Nearly half of Britain’s micro businesses suffer from chronic late payments from clients. Just 52 per cent of invoices sent during 2017 were paid on time or within three days of payment deadlines, according to research by accountancy software firm FreeAgent.
Over 50,000 businesses go bust each year because of late payment, which depresses the economy by about £2.5 billion. And there are around £500 billion worth of unpaid invoices currently in the UK.
Federation of Small Businesses (FSB) chairman Mike Cherry hailed the Chancellor’s announcement, saying “the end of late payments could finally be in sight”.
“At a time of great uncertainty, the Chancellor has shown today that there is still plenty of scope to support the UK’s small businesses. Poor payment practices by big businesses towards their smaller suppliers are rife and pernicious, leading to the closure of 50,000 small firms a year.

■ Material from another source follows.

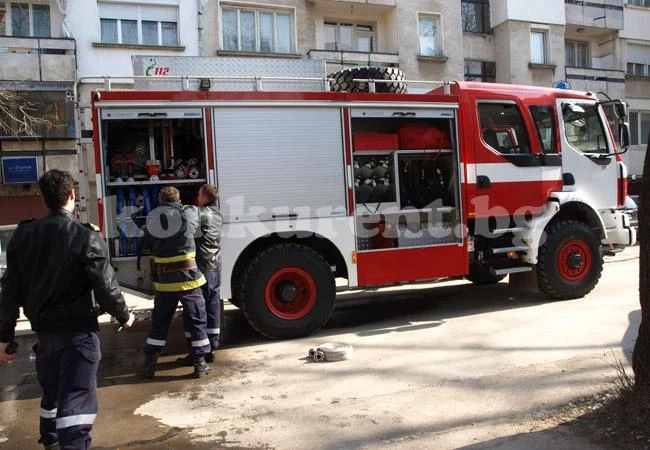 Пожар от коледна украса изпепели до основи къща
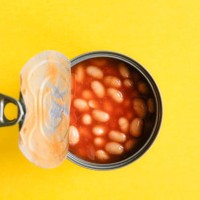 baked beans on a yellow background - junk food stock pictures, royalty-free photos & images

“Four out of five small businesses have been paid late, and we told the Chancellor that today was the moment to act, to tackle this scourge once and for all … It can’t come soon enough, to bolster small businesses at a time when they are in great need of support and a lift in confidence.”
How to stop late payment
If you’re still struggling, here are five top tips to avoid late payment and control cash flow.
1. Get your terms and conditions right – Creating a standard set of terms and conditions can protect you from late- or non-payment, limiting your liabilities and providing you with some security. Make your customer aware of the terms before doing business with them and, if possible, ask them to accept them in writing. Your terms and conditions should cover:
- the price
- your arrangements for delivery
- the payment terms – if you don’t agree a credit period with your customers the law sets a default of 30 days
- your right to charge interest on late payments and claim compensation for debt-recovery costs
2. Credit check your customers – You can check your customers credit in the following ways:
- check that bank references are genuine
- if possible, check your customer’s payment record with some of their other suppliers. Click here for a guide on credit checking from The Better Payment Practice Commission.
- pay for an online credit rating from a credit reference agency
- check a limited company’s accounts at Companies House
- search the Register of Judgments Orders and Fines – held at Registry Trust Ltd
- check with the Insolvency Service. Click here to visit the site
3. Reduce payment risks – Asking for a deposit or advance before supplying goods or services will reduce the risk of not receiving payment.
Alternatively, the funds could be held by an independent party until the work has been carried out or the products supplied. Banks may be willing to offer this service or you could use a stakeholder fund, which gives the contractor access to working funds while providing the client with some security.
Other ways of reducing late payment risk include:
- Third-party guarantees – legally binding agreements for a third party to pay if your customer does not
- Credit insurance. This will cover you if your customer becomes insolvent
- Automated payment systems, such as BACS or CHAPS – these will provide payment certainty and prevent the risks associated with bounced, missing or lost cheques
- Legal expenses insurance – this covers the costs of recovering debts though the courts
4. Chase up late payment quickly – If your customers know you are quick to deal with late payment, they will be less likely to delay or ‘forget’ to pay. You could also offer a small discount for reliable customers who pay within the credit period regularly, although this would need to be managed closely to ensure your business was not losing out in the deal.
5. Reduce credit terms for businesses that keep paying late – It may be worth considering tightening the payment terms for repeat offenders, but try to find out the reason for late payment before going ahead with this step; you may be able to come to a mutual agreement with the client. Remember also that non-paying customers are not customers at all, you could consider simply not supplying those who refuse to pay.
6. Work closely with your customers – Getting to know your customers, the way that they work and their specific requirements may help to reduce late payments. If you understand the business that you are supplying or providing a service to, you are more likely to establish a working relationship that will suit you as the supplier and your customers.